**RECORDS PROVIDED**
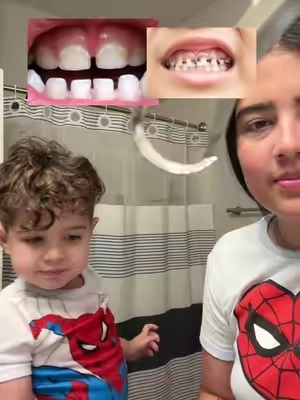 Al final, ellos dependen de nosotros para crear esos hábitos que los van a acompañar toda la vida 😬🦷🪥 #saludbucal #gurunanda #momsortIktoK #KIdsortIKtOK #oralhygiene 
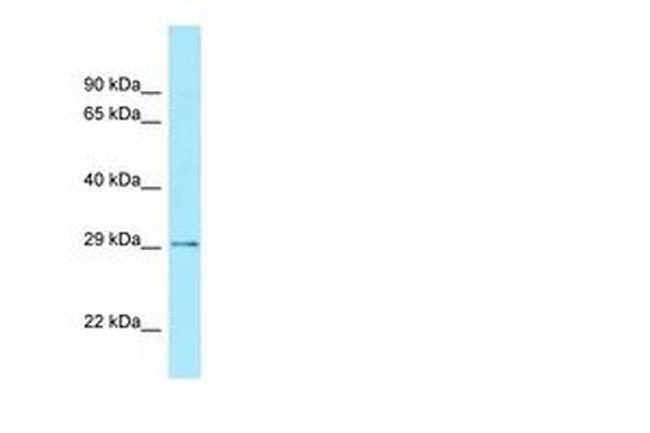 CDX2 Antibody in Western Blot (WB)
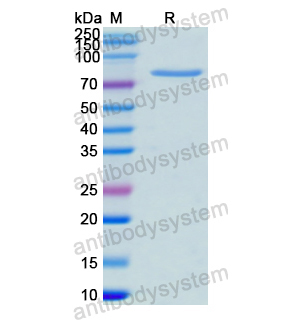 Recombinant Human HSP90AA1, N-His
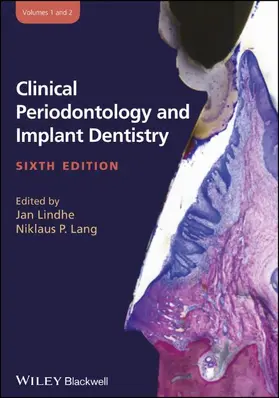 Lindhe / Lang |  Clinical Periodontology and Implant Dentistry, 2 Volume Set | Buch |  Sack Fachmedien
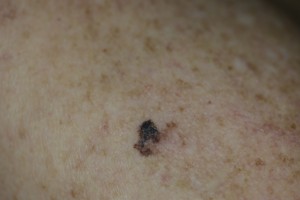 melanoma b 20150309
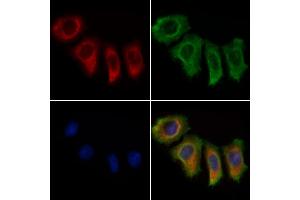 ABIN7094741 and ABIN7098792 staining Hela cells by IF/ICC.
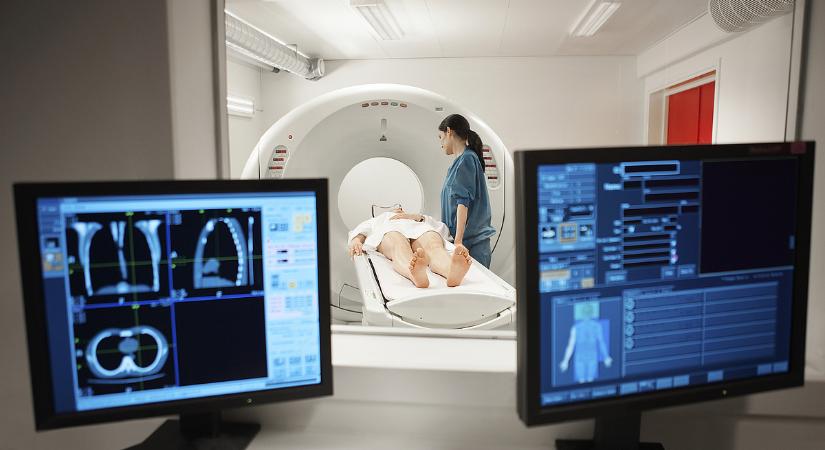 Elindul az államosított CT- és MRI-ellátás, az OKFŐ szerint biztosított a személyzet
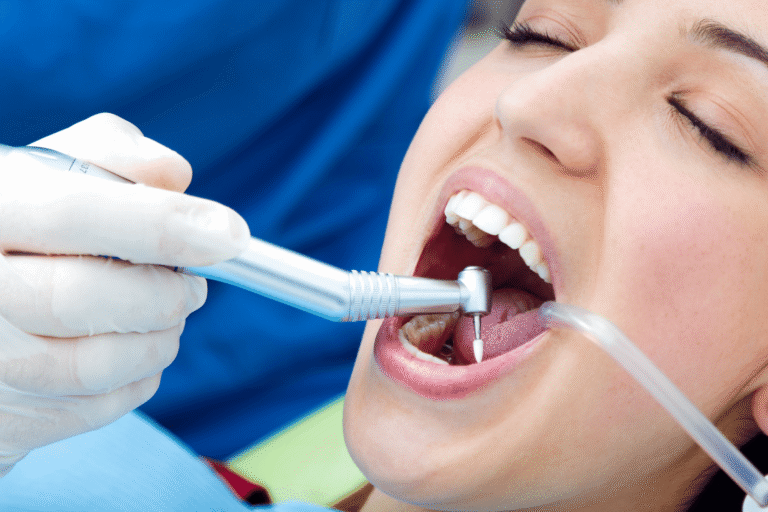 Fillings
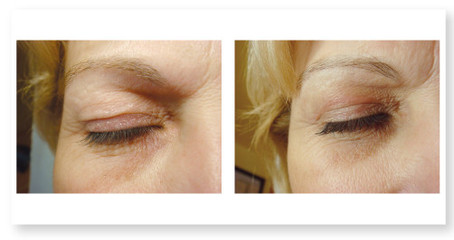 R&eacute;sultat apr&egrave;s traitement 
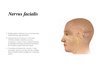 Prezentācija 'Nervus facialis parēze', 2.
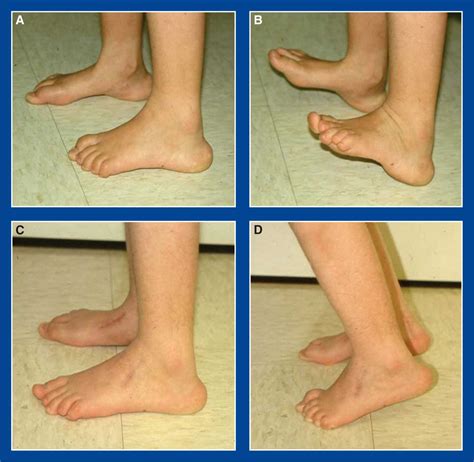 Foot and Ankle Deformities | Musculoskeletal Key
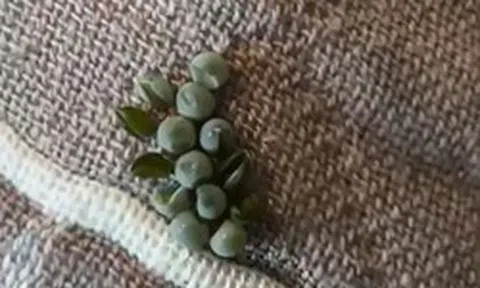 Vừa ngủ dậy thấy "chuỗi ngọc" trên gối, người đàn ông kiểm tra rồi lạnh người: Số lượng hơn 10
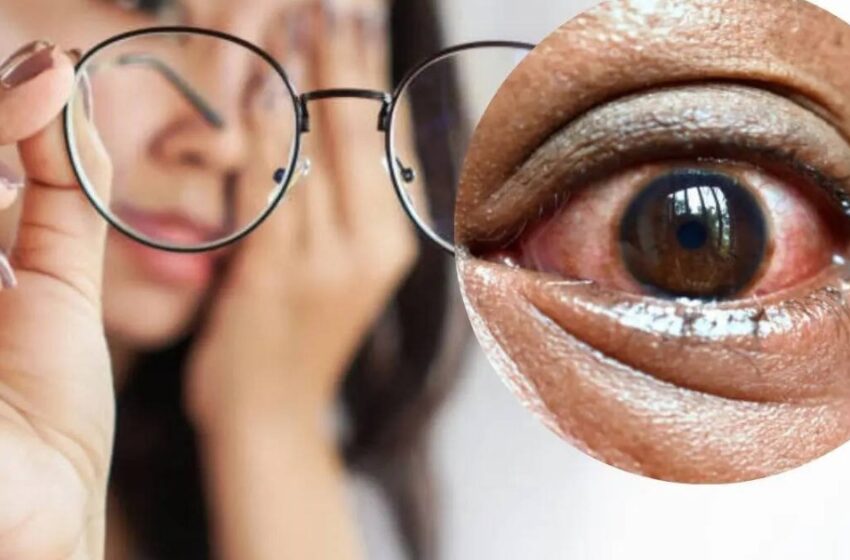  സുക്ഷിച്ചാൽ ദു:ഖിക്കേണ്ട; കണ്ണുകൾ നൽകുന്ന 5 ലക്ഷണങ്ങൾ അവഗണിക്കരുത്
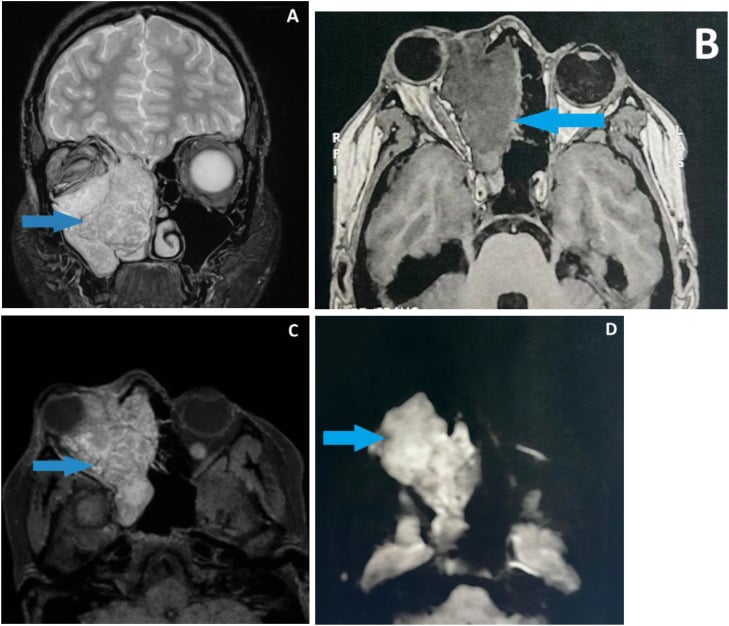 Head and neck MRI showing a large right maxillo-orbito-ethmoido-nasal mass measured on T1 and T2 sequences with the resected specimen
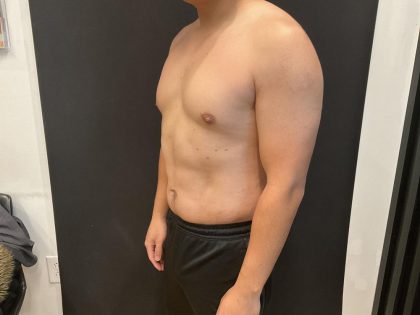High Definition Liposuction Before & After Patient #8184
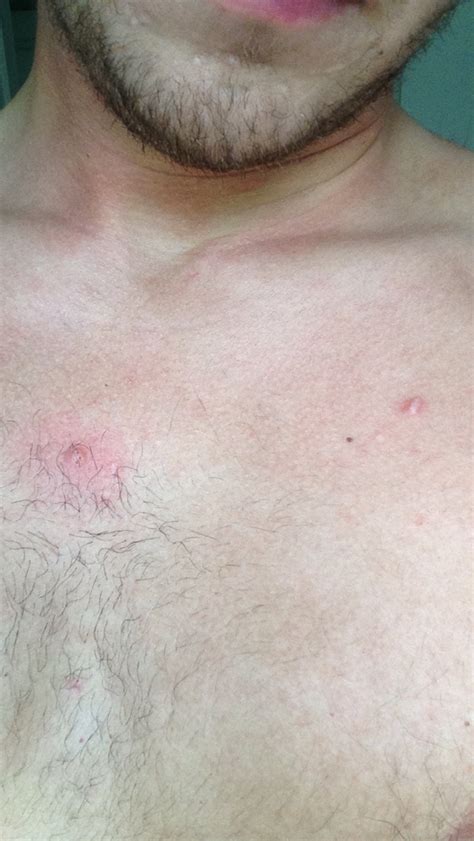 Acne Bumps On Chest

* * *

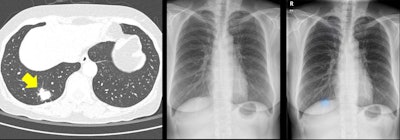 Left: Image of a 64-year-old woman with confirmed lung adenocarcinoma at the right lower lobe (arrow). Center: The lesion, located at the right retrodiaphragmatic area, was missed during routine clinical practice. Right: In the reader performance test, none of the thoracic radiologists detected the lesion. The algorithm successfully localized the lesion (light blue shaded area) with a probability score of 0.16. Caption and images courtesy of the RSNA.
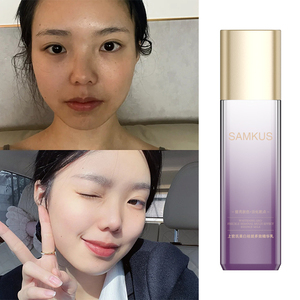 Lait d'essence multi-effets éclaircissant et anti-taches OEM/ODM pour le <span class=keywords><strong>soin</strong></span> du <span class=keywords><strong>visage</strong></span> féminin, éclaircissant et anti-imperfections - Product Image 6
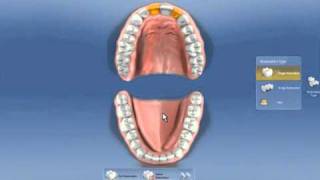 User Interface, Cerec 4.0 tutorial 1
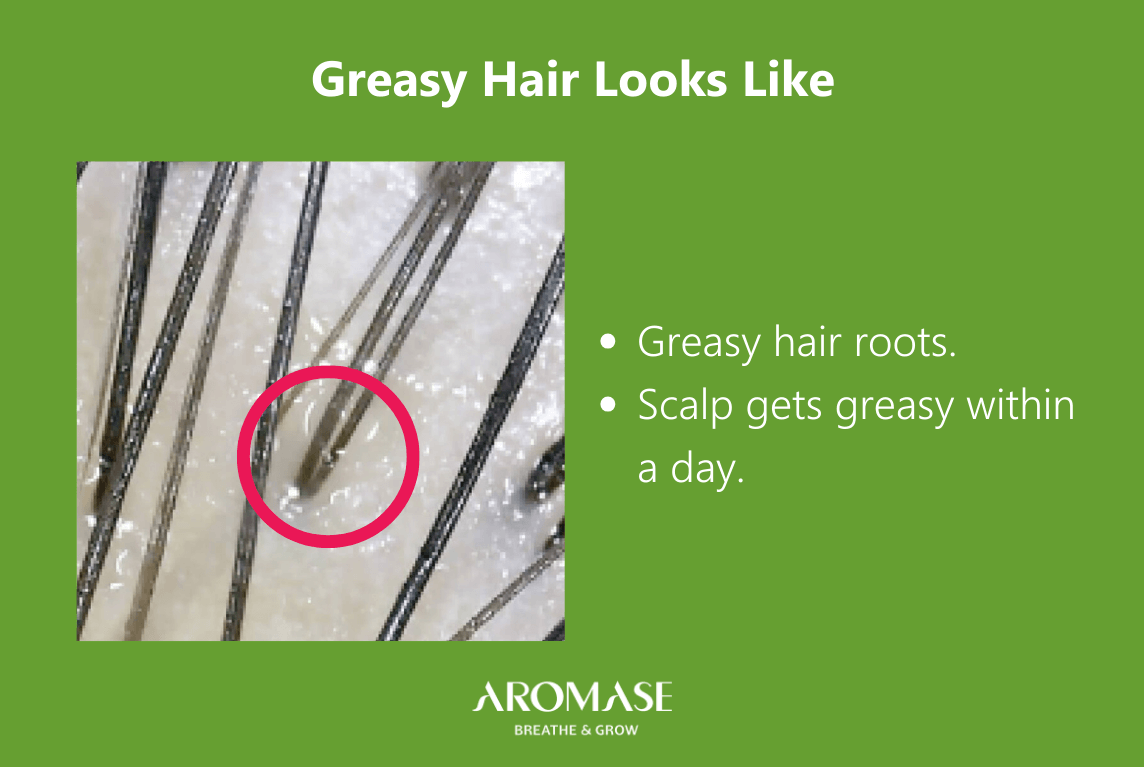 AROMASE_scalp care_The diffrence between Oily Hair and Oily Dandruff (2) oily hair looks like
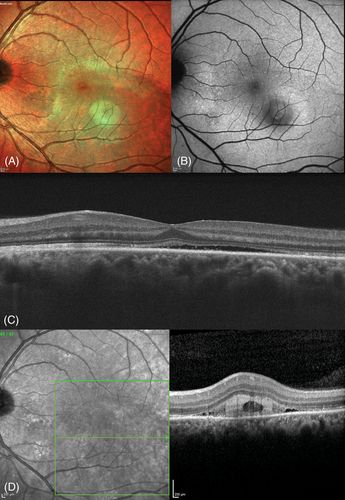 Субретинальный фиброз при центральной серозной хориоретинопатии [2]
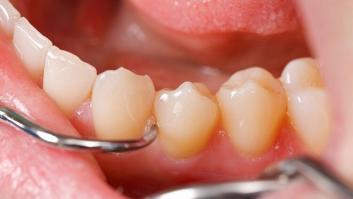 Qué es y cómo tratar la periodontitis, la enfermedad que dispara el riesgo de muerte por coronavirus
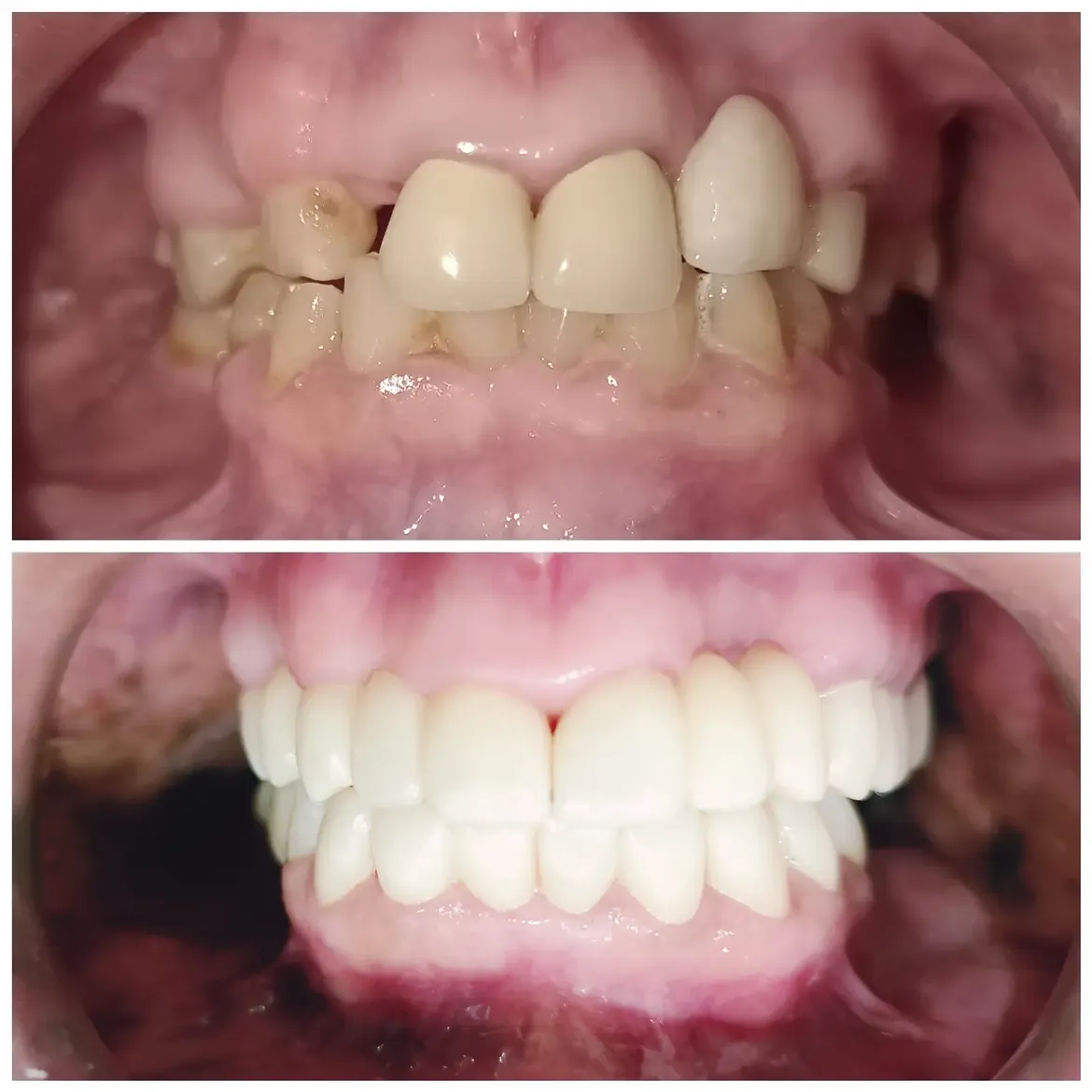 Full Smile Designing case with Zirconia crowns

**DIRECTIONS**
In the entries above, find the line containing "Al final, ellos" and the line containing "Acne Bumps On Chest", then copy both and every line between them exactly, without any picture.

**TASK OUTPUT**
 Al final, ellos dependen de nosotros para crear esos hábitos que los van a acompañar toda la vida 😬🦷🪥 #saludbucal #gurunanda #momsortIktoK #KIdsortIKtOK #oralhygiene 
 CDX2 Antibody in Western Blot (WB)
 Recombinant Human HSP90AA1, N-His
 Lindhe / Lang |  Clinical Periodontology and Implant Dentistry, 2 Volume Set | Buch |  Sack Fachmedien
 melanoma b 20150309
 ABIN7094741 and ABIN7098792 staining Hela cells by IF/ICC.
 Elindul az államosított CT- és MRI-ellátás, az OKFŐ szerint biztosított a személyzet
 Fillings
 R&eacute;sultat apr&egrave;s traitement 
 Prezentācija 'Nervus facialis parēze', 2.
 Foot and Ankle Deformities | Musculoskeletal Key
 Vừa ngủ dậy thấy "chuỗi ngọc" trên gối, người đàn ông kiểm tra rồi lạnh người: Số lượng hơn 10
  സുക്ഷിച്ചാൽ ദു:ഖിക്കേണ്ട; കണ്ണുകൾ നൽകുന്ന 5 ലക്ഷണങ്ങൾ അവഗണിക്കരുത്
 Head and neck MRI showing a large right maxillo-orbito-ethmoido-nasal mass measured on T1 and T2 sequences with the resected specimen
High Definition Liposuction Before & After Patient #8184
 Acne Bumps On Chest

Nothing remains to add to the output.